Finding a balance in a changing world
The first speaker to take the stage was Yukio Okamoto, President of Okamoto Associates and a Robert E. Wilhelm Fellow at the Massachusetts Institute of Technology. At the opening of his address, titled "Searching for a New Equilibrium," Okamoto commented on the results of the U.S. presidential election--an outcome that he attributed to a popular rejection of idealist, progressive policies and globalization, akin to how the Brexit movement gained traction in the United Kingdom. Despite being able to recognize the currents that pushed Trump to victory, Okamoto said, the uncertainty clouding the new administration would make the coming months and years almost impossible to forecast. Not only are Americans unsure of whether the president will make good on his promises to build a wall between the United States and Mexico, withdraw from the Trans-Pacific Partnership (TPP), and clamp down on Muslim immigration, but America's allies--Japan and Europe, for example--also have no idea what to make of Trump's ideas and isolationist outlook.
Yukio Okamoto (President, Okamoto Associates) gave keynote lecture.
Okamoto then turned his focus to economic policy. Trump's election has put the TPP on ice, first of all. With the president intending to pull out of the agreement, Okamoto called on Japan to take the lead in driving the TPP forward. Another point deserving careful attention, Okamoto explained, is how the balance of power in Asia might shift with Trump in office. Okamoto called the Asian situation a "zero-sum game" where declining U.S. involvement would result in expanding Chinese power. Given his concerns about the future of East Asia, Okamoto then turned his attention to the U.S.-Japan Security Treaty--what he framed as a powerful means of deterrence against aggression--and underlined the need to maintain a positive rapport between the two countries. "If U.S.-Japan relations are unfavorable," he argued, "surrounding nations will feel that the U.S. will not exercise its power." That might enable countries like North Korea to assert themselves more forcefully; on the other hand, a strong U.S.-Japan alliance would help sustain peace in the region.

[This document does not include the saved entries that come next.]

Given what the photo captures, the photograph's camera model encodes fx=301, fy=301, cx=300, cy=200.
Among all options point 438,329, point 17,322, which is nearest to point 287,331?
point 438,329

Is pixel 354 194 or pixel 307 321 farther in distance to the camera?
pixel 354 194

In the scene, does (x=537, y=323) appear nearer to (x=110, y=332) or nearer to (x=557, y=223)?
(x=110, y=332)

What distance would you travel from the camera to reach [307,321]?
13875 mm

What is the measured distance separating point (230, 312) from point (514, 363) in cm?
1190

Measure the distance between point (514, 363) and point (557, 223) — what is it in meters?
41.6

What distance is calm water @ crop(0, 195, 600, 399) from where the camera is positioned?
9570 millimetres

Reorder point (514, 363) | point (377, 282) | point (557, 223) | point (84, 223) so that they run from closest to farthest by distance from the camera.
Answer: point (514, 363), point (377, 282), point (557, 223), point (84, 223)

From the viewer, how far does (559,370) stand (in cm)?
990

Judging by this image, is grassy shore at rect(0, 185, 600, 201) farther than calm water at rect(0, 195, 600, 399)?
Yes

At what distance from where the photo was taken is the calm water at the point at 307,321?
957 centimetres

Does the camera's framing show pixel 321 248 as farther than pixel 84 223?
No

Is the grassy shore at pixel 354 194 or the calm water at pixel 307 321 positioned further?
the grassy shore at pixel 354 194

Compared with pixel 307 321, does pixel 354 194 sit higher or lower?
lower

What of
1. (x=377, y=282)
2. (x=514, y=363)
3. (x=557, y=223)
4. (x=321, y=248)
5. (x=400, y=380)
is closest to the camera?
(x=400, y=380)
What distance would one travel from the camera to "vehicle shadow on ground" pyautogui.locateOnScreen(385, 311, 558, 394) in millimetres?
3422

At the end of his keynote address, Okamoto suggested that Japan, in close cooperation with ASEAN and other East Asian countries, needs to make greater efforts to maintain peace and stability in Asia. He suggested a number of specific areas. First, Japan needs to demonstrate to neighboring countries that it is a country capable of reform in order to fulfill the responsibilities and expectations of the international community. Second, Japan must engage directly with historical issues. Reconciliation can only be achieved with an apology and forgiveness from both sides, he suggested. As there is little time remaining to reconcile with past victims, however, Japan needs to adjust its approach in order to secure the genuine trust of its Asian neighbors. Lastly, Okamoto acknowledged the difficulties of these issues but positioned the situation as an opportunity: It is precisely because Japan finds itself facing a new era that it should see this as a valuable chance to build stronger relationships of trust with other Asian countries.

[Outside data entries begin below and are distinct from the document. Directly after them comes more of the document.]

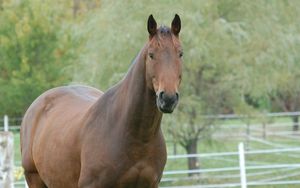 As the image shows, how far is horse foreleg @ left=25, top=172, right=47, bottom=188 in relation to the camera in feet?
22.6

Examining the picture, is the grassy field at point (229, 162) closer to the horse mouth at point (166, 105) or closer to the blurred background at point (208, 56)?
the blurred background at point (208, 56)

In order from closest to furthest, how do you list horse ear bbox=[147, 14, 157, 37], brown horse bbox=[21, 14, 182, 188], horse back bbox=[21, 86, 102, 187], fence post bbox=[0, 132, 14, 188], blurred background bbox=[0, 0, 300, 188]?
brown horse bbox=[21, 14, 182, 188]
horse ear bbox=[147, 14, 157, 37]
fence post bbox=[0, 132, 14, 188]
horse back bbox=[21, 86, 102, 187]
blurred background bbox=[0, 0, 300, 188]

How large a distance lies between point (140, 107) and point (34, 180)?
221 cm

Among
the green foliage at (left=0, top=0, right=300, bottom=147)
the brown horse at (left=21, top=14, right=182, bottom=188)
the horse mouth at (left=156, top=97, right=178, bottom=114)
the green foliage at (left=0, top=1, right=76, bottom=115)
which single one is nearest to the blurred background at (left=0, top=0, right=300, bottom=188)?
the green foliage at (left=0, top=0, right=300, bottom=147)

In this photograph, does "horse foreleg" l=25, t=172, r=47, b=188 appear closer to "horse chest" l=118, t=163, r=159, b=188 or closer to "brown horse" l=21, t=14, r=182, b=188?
"brown horse" l=21, t=14, r=182, b=188

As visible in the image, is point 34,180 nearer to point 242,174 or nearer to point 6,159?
point 6,159

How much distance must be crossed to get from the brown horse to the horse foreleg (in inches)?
23.7

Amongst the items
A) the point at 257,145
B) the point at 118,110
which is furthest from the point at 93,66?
the point at 118,110

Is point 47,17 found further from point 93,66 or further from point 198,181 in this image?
point 198,181

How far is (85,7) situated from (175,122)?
13559 millimetres

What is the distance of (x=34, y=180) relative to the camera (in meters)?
6.93

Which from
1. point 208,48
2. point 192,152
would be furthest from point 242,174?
point 192,152

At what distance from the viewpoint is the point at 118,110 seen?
5336mm

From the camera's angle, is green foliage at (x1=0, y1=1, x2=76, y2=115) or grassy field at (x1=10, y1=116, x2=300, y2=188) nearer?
grassy field at (x1=10, y1=116, x2=300, y2=188) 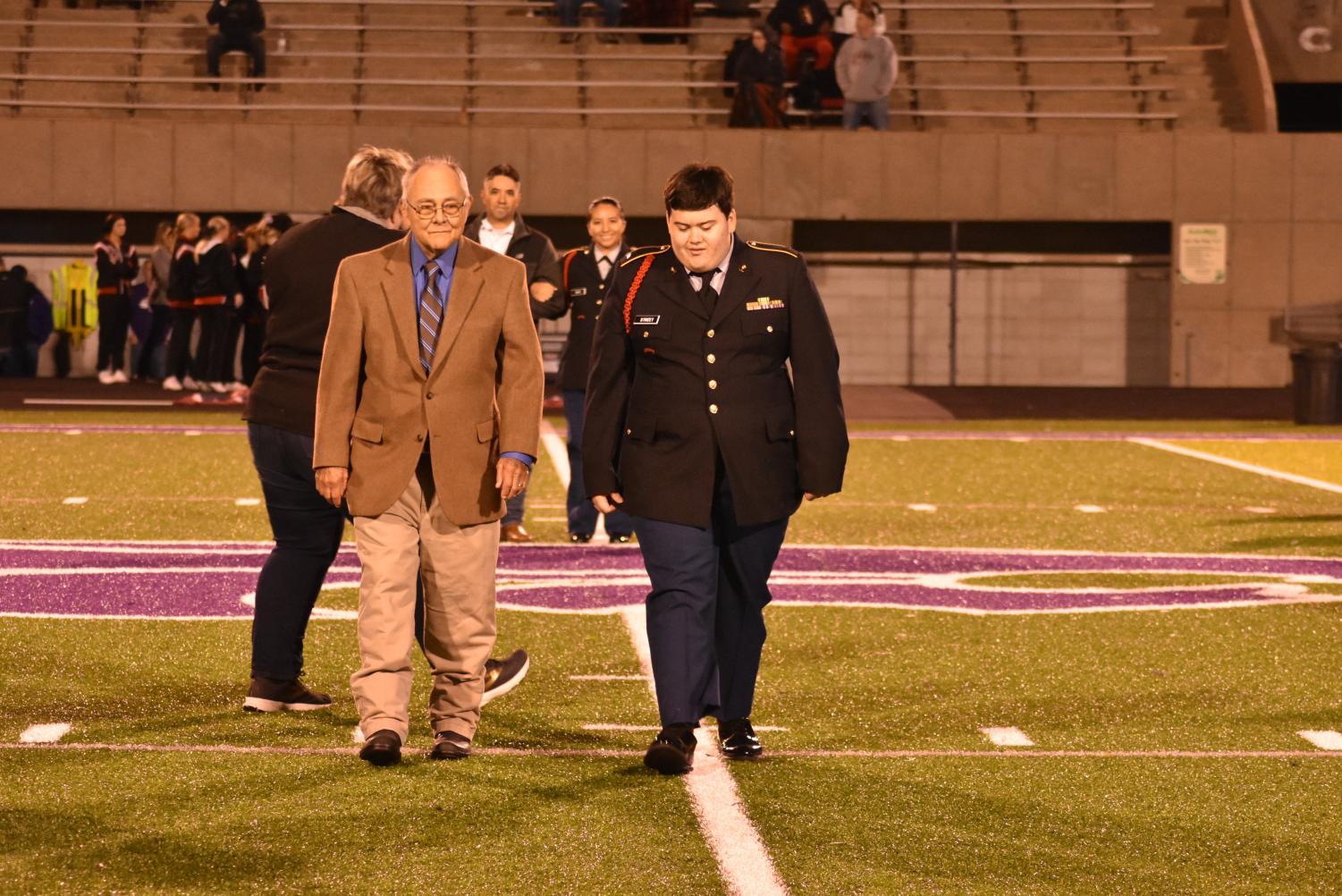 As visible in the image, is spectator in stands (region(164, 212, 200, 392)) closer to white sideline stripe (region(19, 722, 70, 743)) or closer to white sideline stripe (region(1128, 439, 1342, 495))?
white sideline stripe (region(1128, 439, 1342, 495))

Structural changes in the United States
In the next keynote address, Gerald Curtis, the Burgess Professor Emeritus of Political Science at Columbia University, tackled the origins of the "uncertain future"--questions about Trump's policies, advisors, and impact on Asia, for instance--by tracing Trump's stateside popularity to four key structural changes. The first change, a growing gap in economic inequality, has seen a whopping 80% of the U.S. population remain at the same standard of living for years and years. Trump appealed to that demographic, invoking hope in the possibility that an outsider could break the holding pattern. Another important change, Curtis explained, is opposition to globalization: As manufacturers continue to relocate their factories from the United States to foreign countries, citizens are seeing real evidence of how open international trade can have a devastating effect on their livelihoods. With Trump's election, which drew on that resentment, the "TPP is dead." In Curtis's eyes, this policy shift opens the doors for Japan to spearhead a U.S.-less TPP that could eventually draw the U.S. back into the fold. The third structural shift centers on demographics. Expanding minority populations are creating broader diversity, Curtis argued. In addition to making America strong, diversity simultaneously fans fears of the "other"--a strain that "Trump successfully exploited in his race to the White House." The final trend is the alienation that Americans feel toward their elected representatives. Trump clearly played that mood to his advantage: An American opinion poll showed that 40% of all respondents valued the "ability to bring about change" above any other trait in a politician--and 80% of those respondents supported Trump.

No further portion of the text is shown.